Water from a helicopter key in preventing conflagration in Woodside
Three 500-gallon buckets of water from a helicopter helped douse a three-alarm house fire at 1200 Bear Gulch Road on Saturday, June 2. The helicopter drops stopped an intense fire that had spread to nearby trees from becoming a conflagration that involved the forest, Fire Chief Dan Ghiorso of the Woodside Fire Protection District told the Almanac.
"Luckily it's not too dry yet," Chief Ghiorso said. "It didn't run the hills as easily."
One firefighter was evacuated and treated for heat exhaustion but later returned to duty, Chief Ghiorso said. There were no other injuries, he said. The residents were not at home at the time, and there were no domestic animals involved that firefighters were aware of.
The house is a total loss and uninhabitable, but Chief Ghiorso said he could not yet provide a dollar amount as to estimated losses to the structure and the contents. The occupants were renters whose names were not provided by the district.
Also unknown for the present is the cause of the fire. An investigation began Monday, June 4, well after the fire was out. "It was so hot, we really couldn't get into it," Chief Ghiorso said. A water tanker truck has been on the scene with firefighters "babysitting the fire" since it was first brought under control on Saturday afternoon.
The first call came in around 1:15 in the afternoon.
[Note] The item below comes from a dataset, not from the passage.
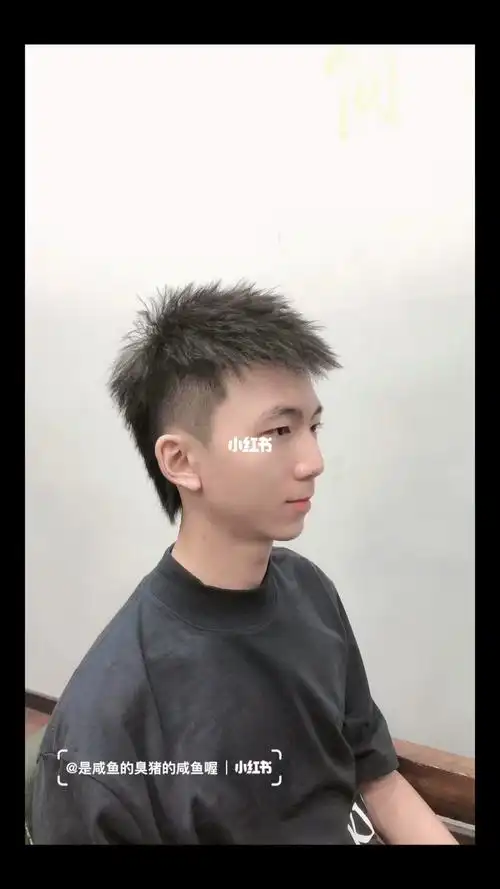 广州番禺狼尾碎盖锡纸烫适合男朋友的发型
The battalion chief called a second alarm after seeing a column of smoke from the main fire station at 3111 Woodside Road. Firefighters had things under control by about 3 p.m., the chief said.
In all, 71 firefighting personnel and 27 vehicles responded, including support vehicles, from seven firefighting agencies in the county, Chief Ghiorso said. Along with Woodside Fire were firefighters from the California Department of Forestry and Fire Protection, San Mateo County, Redwood City, San Carlos, Menlo Park and Belmont.
A crew of 15 prison inmates dressed in orange and from a camp in Ben Lomond was called in to cut brush to create a dirt perimeter around the fire, the chief said. "They're a great crew. They do great work," he added.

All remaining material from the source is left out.